In Ohio, meanwhile, a federal judge ruled in December that the Cleveland voucher program was unconstitutional. The case is now pending in a federal appeals court. The program’s 3,800 participants so far have been allowed to continue attending religious schools at taxpayer expense as the case wends its way through the appeals process.
Voucher opponents say that they’re confident the U.S. Supreme Court will eventually find that state-paid tuition for religious schools is unconstitutional, but they believe that the justices are seeking to rule on a more straightforward case.
“Some of these cases have been kind of nuanced,” Mr. Lynn said. “I think they want something like what this Florida program would have been.”

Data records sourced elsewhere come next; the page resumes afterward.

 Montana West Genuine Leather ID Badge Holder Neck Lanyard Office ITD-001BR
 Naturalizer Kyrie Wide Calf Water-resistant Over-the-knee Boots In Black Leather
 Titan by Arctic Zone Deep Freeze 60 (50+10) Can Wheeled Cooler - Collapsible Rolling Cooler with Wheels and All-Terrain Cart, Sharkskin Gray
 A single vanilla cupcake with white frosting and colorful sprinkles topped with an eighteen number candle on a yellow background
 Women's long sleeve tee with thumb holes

For now, though, most observers agree that the Florida ruling will have limited national impact. Because the judge chose to rule on a narrow state constitutional provision, rather than basing his decision on the First Amendment to the U.S. Constitution, federal courts will likely shy away from considering it, said Joseph P. Viteritti, a professor of public administration and law at New York University who recently wrote a book on school choice.
“I don’t think there are any national legal implications,” Mr. Viteritti said. “This keeps it in the state courts for now.”

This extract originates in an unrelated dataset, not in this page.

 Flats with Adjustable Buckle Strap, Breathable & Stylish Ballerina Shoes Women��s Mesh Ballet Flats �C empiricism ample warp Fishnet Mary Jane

Ronald C. Meyer, one of the lawyers representing a coalition of plaintiffs in the Florida case, including the two state teachers’ unions and the National Association for the Advancement of Colored People, argued that the ruling’s narrow grounds increased the likelihood that the voucher program would not be permanently revived on appeal.
If last week’s decision is overturned, he said, the plaintiffs can always return to court and argue that the voucher program violates other provisions in the state and federal constitutions.
“Judge Smith wrote a comprehensive decision we think will be bullet-proof on appeal,” Mr. Meyer said.
Mr. Bolick countered that the state would have an easier time shooting holes through Judge Smith’s decision than in any other ruling to date on voucher issues.
“Funds are used for private schools in all 50 states for students in exceptional circumstances,” Mr. Bolick said. “This would be the first interpretation of a state constitution that would effectively turn the [state] education guarantee into a ceiling rather than a floor.”